The Lucassen–van den Tempel (L–vdT) model and the classical Maxwell model do not show an adequate description of the experimentally observed behavior of the linear interfacial dilational viscoelasticity for the two considered systems. Equation (12) also appeared to be a scarcely adequate tool to fit with accuracy the behavior of the interfacial dilational viscoelasticity of surfactant systems. In turn, the single element version of the fractional Maxwell model is appropriate for a phenomenological description of the behavior of the dynamic viscoelasticity of Span-80 adsorption layers at paraffin–oil/water interface within a two-order range of the frequency spectrum, specifically from f = 0.01 to almost 1.0 Hz. The addition of only one parameter in the FMM advantageously improves the fit adherence to the observed interfacial dilational viscoelasticity values, measured in a rheological ground-state, in respect to the completely ineffectiveness of the classical Maxwell model and L–vdT model.

The FMM lacks of a theoretical foundations (in respect to the theoretical foundation of the diffusion equation and the equilibrium equations of state inherent in the L–vdT model or mixed adsorption layers model). Nevertheless, the FMM mechanical analogy is more than a simple mathematical description (as it is a three-parameter quadratic polynomial), because the FMM model maintains its viscoelastic representative power, that is, the FMM model effectively provides a predictive potentiality for any different stress-strain perturbations, issuing in the time-domain relaxation evolution or in the frequency-domain transfer-function in periodic oscillations.

Further experiments will possibly prove that such a mathematical tool is also adequate for describing the behavior of more complicated surfactant systems (or also surfactant/polymer or surfactant/protein mixtures), adsorbed at liquid/fluid interfaces.
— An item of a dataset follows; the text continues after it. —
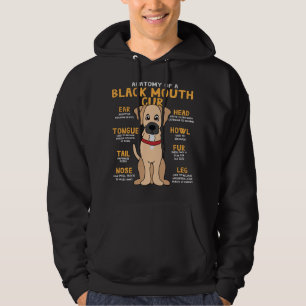 Veste À Capuche Cur à bouche noire Anatomie Drôle Chien Maman Papa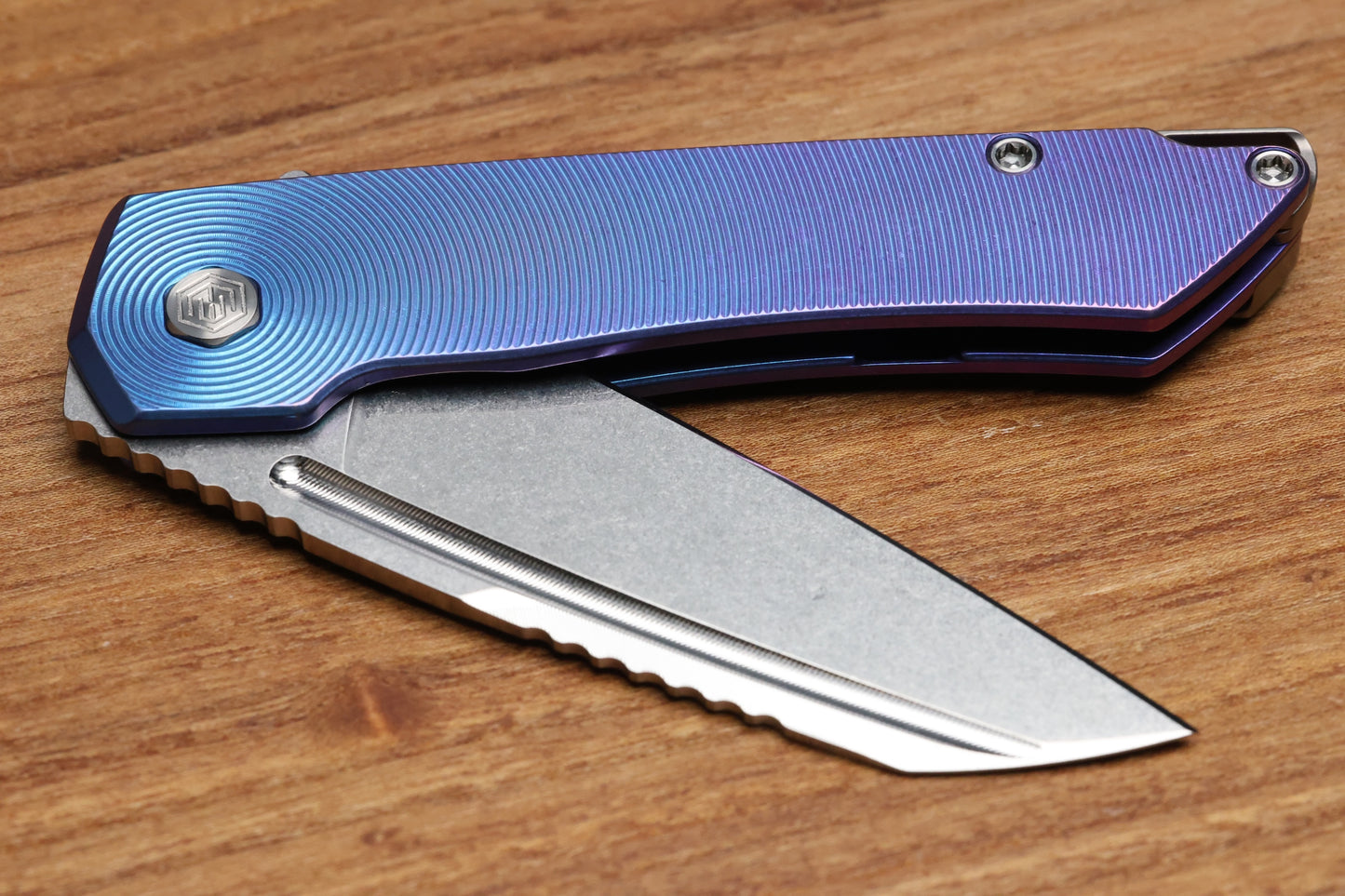 MACHINEWISE MOJAVE #942 - BLURPLE FADE TI w/S90V BLADE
Also, further experiments may possibly lead to the elucidation of the molecular rearrangement of the adsorbed layer, by a speculation based of the fitting parameter values.

The FMM for the quasi-bidimensional interfacial systems may also be worth to bear in mind as a concomitant combination with the 3-D bulk viscoelasticity in the FMM study of particular soft matter systems, possibly discerning the two distinct contributions in viscoelasticity measurements.